▸ TASK STATEMENT
Produce as output only the lines below starting at the line with "Used 2013 BMW" and continuing through the line with "Ellen Tracy Caper", each one exactly as written.

(Recorded data)
--*--
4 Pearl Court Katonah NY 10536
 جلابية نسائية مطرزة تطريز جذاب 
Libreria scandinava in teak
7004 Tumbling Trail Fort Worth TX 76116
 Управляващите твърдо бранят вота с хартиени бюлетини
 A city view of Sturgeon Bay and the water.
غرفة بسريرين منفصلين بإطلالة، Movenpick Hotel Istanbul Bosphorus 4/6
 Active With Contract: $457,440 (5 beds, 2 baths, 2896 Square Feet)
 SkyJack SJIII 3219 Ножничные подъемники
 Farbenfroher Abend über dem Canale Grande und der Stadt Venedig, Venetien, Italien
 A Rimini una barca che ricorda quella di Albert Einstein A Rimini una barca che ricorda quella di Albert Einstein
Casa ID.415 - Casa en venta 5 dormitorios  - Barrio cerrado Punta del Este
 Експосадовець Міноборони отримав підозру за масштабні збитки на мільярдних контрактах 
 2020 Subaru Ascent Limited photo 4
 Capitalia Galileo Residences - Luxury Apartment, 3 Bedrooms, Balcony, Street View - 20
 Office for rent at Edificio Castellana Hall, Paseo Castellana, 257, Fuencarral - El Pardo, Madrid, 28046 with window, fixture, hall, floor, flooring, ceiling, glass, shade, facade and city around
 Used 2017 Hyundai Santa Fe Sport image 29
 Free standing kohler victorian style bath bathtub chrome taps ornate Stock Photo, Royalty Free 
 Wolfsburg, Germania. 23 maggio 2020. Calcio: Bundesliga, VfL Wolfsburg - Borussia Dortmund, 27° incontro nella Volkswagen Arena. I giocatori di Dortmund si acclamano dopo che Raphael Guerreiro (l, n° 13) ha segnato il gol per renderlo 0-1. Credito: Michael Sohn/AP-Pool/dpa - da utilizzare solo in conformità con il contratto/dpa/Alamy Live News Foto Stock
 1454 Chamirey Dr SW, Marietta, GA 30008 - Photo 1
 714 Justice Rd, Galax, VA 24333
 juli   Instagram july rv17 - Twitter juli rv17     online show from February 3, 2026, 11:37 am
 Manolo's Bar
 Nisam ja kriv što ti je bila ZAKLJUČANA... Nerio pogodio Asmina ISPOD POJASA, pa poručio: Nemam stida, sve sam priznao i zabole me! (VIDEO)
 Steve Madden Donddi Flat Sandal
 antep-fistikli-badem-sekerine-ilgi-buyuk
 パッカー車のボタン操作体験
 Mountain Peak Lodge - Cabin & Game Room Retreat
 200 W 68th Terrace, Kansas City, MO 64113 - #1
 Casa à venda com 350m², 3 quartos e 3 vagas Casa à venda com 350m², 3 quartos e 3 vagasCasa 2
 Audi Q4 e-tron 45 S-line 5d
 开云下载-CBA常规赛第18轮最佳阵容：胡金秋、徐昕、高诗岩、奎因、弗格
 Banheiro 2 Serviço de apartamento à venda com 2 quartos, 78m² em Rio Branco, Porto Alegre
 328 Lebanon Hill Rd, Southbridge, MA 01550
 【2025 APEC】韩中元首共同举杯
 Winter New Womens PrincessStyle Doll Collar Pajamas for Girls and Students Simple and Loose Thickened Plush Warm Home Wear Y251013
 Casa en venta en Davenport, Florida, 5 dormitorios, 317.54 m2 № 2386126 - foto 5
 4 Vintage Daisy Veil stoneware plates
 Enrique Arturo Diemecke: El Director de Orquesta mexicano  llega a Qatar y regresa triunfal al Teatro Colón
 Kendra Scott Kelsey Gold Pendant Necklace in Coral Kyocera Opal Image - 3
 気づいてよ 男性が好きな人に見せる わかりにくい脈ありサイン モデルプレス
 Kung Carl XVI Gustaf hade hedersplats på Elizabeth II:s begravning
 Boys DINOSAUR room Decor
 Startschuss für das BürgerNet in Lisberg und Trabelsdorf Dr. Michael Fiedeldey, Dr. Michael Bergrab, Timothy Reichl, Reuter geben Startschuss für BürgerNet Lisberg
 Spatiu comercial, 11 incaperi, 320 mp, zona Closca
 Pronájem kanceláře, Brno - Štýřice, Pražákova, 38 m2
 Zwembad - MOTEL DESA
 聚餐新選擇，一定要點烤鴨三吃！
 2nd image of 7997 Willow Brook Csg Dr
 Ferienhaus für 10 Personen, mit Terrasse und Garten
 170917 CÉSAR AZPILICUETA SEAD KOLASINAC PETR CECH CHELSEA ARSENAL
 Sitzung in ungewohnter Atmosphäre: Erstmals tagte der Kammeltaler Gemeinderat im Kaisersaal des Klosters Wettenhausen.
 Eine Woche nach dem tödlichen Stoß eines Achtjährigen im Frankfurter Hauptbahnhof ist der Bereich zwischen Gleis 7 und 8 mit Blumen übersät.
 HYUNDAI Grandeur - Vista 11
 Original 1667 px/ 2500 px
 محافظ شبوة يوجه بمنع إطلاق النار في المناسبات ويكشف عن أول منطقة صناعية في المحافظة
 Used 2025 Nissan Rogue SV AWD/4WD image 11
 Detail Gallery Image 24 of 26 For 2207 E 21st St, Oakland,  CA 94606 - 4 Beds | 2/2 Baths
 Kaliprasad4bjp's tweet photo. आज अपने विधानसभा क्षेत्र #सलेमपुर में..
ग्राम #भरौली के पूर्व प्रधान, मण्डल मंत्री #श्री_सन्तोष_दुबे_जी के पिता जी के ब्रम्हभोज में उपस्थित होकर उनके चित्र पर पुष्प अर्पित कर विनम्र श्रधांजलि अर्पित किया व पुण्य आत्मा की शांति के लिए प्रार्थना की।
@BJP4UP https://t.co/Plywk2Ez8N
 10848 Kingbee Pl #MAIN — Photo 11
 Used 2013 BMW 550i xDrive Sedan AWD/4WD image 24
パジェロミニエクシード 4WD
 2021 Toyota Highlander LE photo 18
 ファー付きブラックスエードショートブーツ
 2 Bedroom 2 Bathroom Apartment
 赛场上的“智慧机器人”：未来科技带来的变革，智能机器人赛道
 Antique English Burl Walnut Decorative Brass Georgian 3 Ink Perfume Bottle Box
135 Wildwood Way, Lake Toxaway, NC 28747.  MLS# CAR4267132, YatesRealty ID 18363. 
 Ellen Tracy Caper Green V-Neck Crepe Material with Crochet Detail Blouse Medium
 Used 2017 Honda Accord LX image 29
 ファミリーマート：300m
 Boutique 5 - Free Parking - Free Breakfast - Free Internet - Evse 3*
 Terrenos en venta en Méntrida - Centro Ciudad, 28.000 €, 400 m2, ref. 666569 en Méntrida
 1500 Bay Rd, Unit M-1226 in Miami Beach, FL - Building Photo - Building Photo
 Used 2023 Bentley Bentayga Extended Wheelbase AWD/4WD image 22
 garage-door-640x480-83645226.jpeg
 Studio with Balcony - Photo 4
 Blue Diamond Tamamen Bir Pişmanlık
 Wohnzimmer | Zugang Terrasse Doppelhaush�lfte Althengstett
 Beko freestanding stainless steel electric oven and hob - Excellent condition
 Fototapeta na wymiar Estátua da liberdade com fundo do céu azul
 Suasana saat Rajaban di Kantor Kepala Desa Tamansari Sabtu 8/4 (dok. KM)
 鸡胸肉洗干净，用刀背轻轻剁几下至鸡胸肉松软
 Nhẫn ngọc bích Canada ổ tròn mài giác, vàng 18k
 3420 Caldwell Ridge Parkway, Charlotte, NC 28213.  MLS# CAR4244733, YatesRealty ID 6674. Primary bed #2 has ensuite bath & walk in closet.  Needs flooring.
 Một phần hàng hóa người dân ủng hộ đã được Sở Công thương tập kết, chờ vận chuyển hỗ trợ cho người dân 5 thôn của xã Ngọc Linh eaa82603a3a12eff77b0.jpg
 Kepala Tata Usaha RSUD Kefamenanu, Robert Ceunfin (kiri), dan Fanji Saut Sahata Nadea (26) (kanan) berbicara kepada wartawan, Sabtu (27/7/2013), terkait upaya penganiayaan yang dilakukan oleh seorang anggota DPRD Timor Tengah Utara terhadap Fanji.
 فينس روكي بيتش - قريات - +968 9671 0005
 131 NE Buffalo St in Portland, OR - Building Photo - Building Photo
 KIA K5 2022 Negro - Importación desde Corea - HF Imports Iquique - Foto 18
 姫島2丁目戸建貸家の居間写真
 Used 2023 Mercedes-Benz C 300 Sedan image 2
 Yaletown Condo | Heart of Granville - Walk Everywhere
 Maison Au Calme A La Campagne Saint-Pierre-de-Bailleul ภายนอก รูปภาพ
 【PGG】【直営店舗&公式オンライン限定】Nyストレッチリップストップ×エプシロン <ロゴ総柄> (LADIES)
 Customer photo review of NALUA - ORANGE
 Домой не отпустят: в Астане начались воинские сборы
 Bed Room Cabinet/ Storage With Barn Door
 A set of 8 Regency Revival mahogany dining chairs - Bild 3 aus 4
--*--
▸ RESPONSE TO THE EXERCISE
 Used 2013 BMW 550i xDrive Sedan AWD/4WD image 24
パジェロミニエクシード 4WD
 2021 Toyota Highlander LE photo 18
 ファー付きブラックスエードショートブーツ
 2 Bedroom 2 Bathroom Apartment
 赛场上的“智慧机器人”：未来科技带来的变革，智能机器人赛道
 Antique English Burl Walnut Decorative Brass Georgian 3 Ink Perfume Bottle Box
135 Wildwood Way, Lake Toxaway, NC 28747.  MLS# CAR4267132, YatesRealty ID 18363. 
 Ellen Tracy Caper Green V-Neck Crepe Material with Crochet Detail Blouse Medium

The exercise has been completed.